Die mit einem Stern gekennzeichneten Leitartikel im "Mannheimer Verkündiger" stammten stets aus der Feder von August Lamey und erfreuten sich in nationalliberalen Kreisen großer Beliebtheit.

Mannheimer Verkündiger / Rhein- und Neckarzeitung

(1866 - 1888)

Im Zuge des Auseinanderfallens der Fortschrittspartei hielt das Besitzbürgerum nach eigenen Organen Ausschau. Es fand sie in bisherigen Regierungsblättern wie der "Badischen Landes-Zeitung" in Karlsruhe und dem "Mannheimer Journal", das sich den Untertitel "Organ nationaler und liberaler Richtung" zulegte.

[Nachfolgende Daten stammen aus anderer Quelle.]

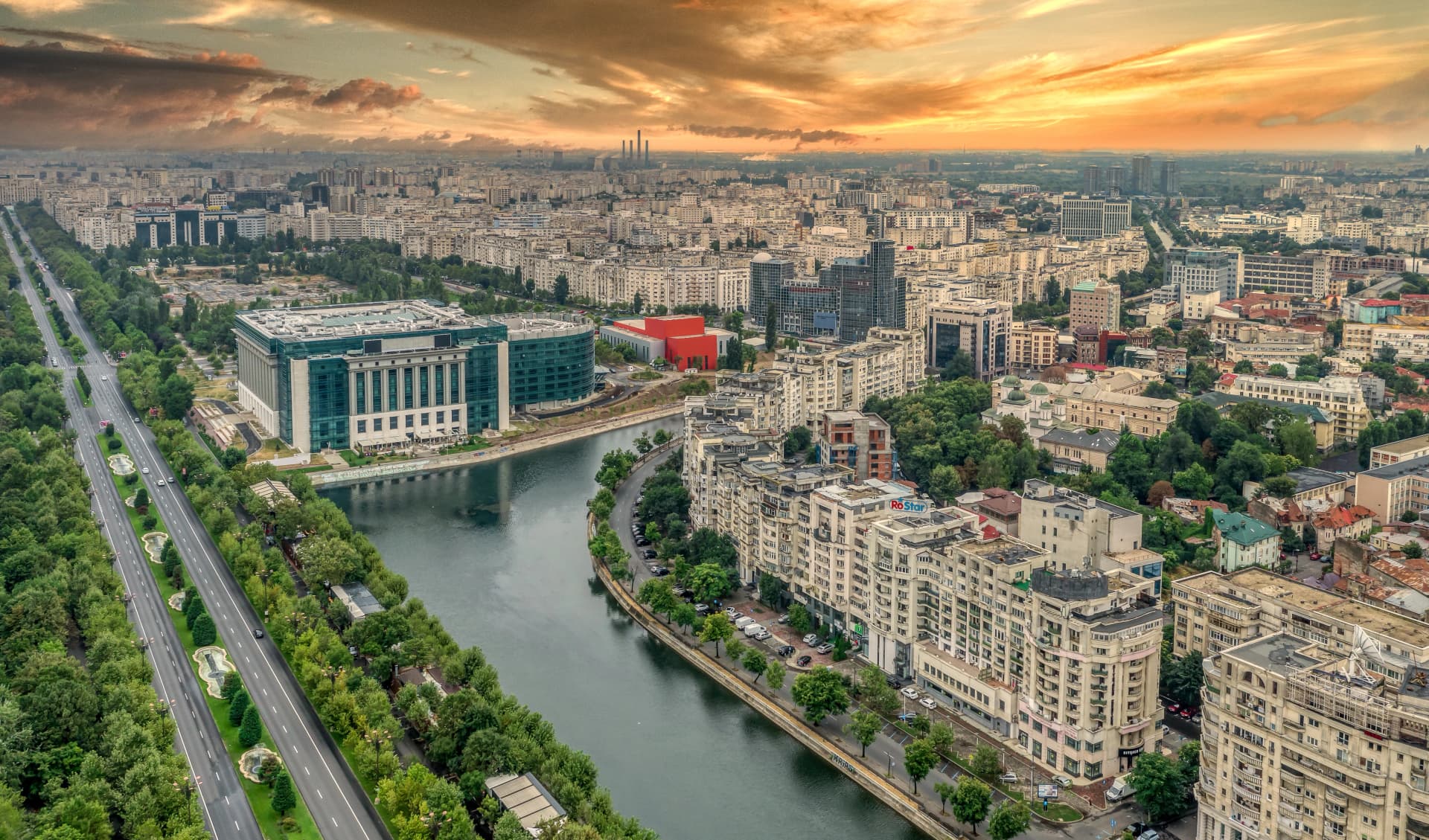 Bucharest Ciy center seen from above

Als Sprachrohr und Gegenpol zur demokratischen "Neuen Badischen Landes-Zeitung" päppelten die künftigen Nationalliberalen ferner in Mannheim 1866 das unbedeutende Inserateblatt "Die Stadtschelle" zum "Mannheimer Verkündiger" hoch. Gedruckt und verlegt wurde das Blatt von Schatt & Raisberger in F 5, 19. Es erschien täglich außer montags.

Der nationalliberale "Mannheimer Verkündiger" hatte keine Aussicht, der "Neuen Badischen Landes-Zeitung" den Rang abzulaufen. Er dürfte auch erst hinter dem "Mannheimer Journal" den dritten Platz belegt haben. Wenn er trotzdem eine gewisse Beachtung genoß, so war dies der Mitarbeit von August Lamey zuzuschreiben.

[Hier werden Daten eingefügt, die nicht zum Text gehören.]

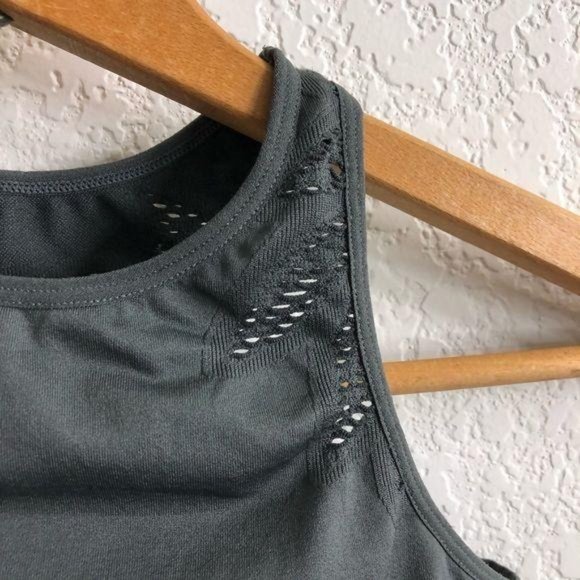 aerie Seamless Chill High Neck Gray Racer Bralette - Picture 3 of 6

Der Name Lamey besaß in der Mannheimer Pressegeschichte Tradition. Der Großvater Andreas Lamey hatte 1776 die "Mannheimer Zeitung" gegründet und die Zensur am kurfürstlichen Hofe besorgt. Der Vater Ernst Andreas Lamey hatte das "Journal politique de Mannheim", die "Mannheimer Zeitung" und schließlich das großherzogliche Regierungsblatt redigiert. Sein dritter Sohn August trat in die Fußstapfen der Vorväter: Im Vormärz bekleidete er zeitweilig das Amt des Zensors in Mannheim, das er freilich nur widerwillig ausübte. Politisch tendierte August Lamey zum gemäßigten Liberalismus, der durch die Namen Gervinus, Mittermaier und Häusser charakterisiert wurde. Nach der Märzrevolution ließ er sich 1859 erneut in die zweite Kammer wählen und wurde 1860 ins Ministerium berufen, wo er die Kirchengesetzgebung im liberalen Sinne durchführte. Im übrigen waren die Meinungen über seine politischen Fähigkeiten geteilt, so daß der Ausgang der Schlacht bei Königgrätz 1866 mehr Anlaß als Ursache war, um ihn zum Rücktritt zu nötigen.

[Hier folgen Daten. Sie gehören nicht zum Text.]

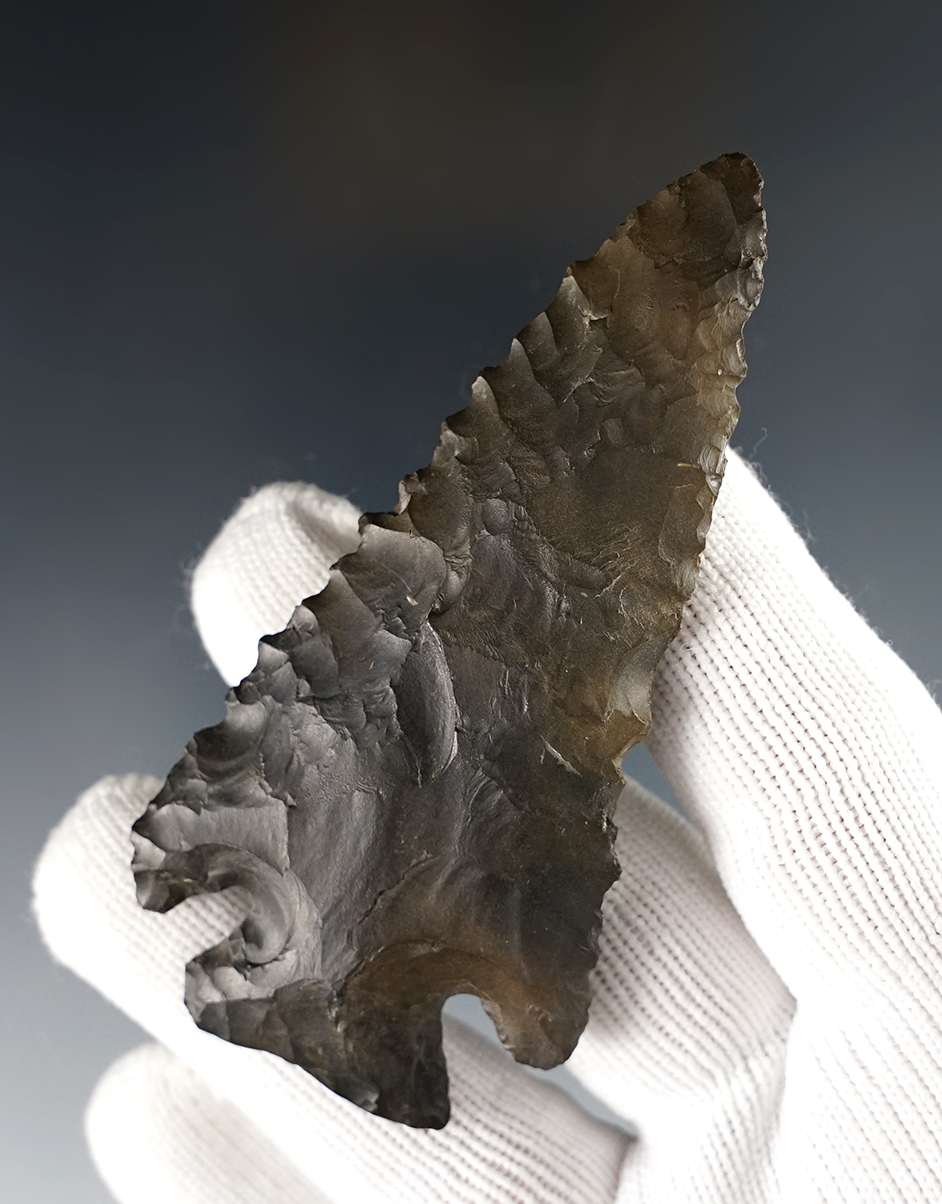 3 1/4" Classic Notch-Base Dovetail - beveled & nicely serrated. Madison Co., Ohio. Ex. Macik.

Nach dem Ausscheiden aus dem Ministerium zog sich Lamey nach Mannheim aufs politische Altenteil zurück, ließ sich zum Ehrenbürger ernennen, 1871 in den Reichstag wählen und vertrat als noch immer populärer Mann die Nationalliberalen (für den Kreis Lörrach) in der zweiten badischen Kammer. Während er allmählich seine Sympathien für Preußen entdeckte und "verbismarckte", stellte er seine journalistischen Fähigkeiten in den Dienst des "Mannheimer Verkündiger". Von 1869 bis 1877 verfaßte er regelmäßig die mit einem Stern gekennzeichneten Leitartikel des Blattes. "Diese Aufrisse größerer und kleinerer Interessen Badens innerhalb der Tagesneuigkeiten blieben oberflächlich und oft schulmeisternd", schreibt Lily Blum in ihrer Lamey-Biographie. "Aber da sie in einem glänzenden Stil, voll Humor und witzigen Einfällen geschrieben waren, übten sie eine solche Anziehungskraft aus, daß sich die Auflagen des 'Mannheimer Verkündiger' verdoppelten. Er war lange die beliebteste Zeitung des nationalliberalen Großbürgertums in Mannheim."

1876 vergrößerte der "Mannheimer Verkündiger" sein Format und nannte sich - unter Fortführung der bisherigen Bezeichnung im Untertitel - "Rhein- und Neckarzeitung". Er erschien nunmehr täglich, an sechs Tagen der Woche außerdem mit der Beilage "Rheinische Blätter". Für die Redaktion zeichnete P. Gutbier. Druck und Verlag befanden sich weiterhin bei Schatt & Raisberger, inzwischen in E 1, 8.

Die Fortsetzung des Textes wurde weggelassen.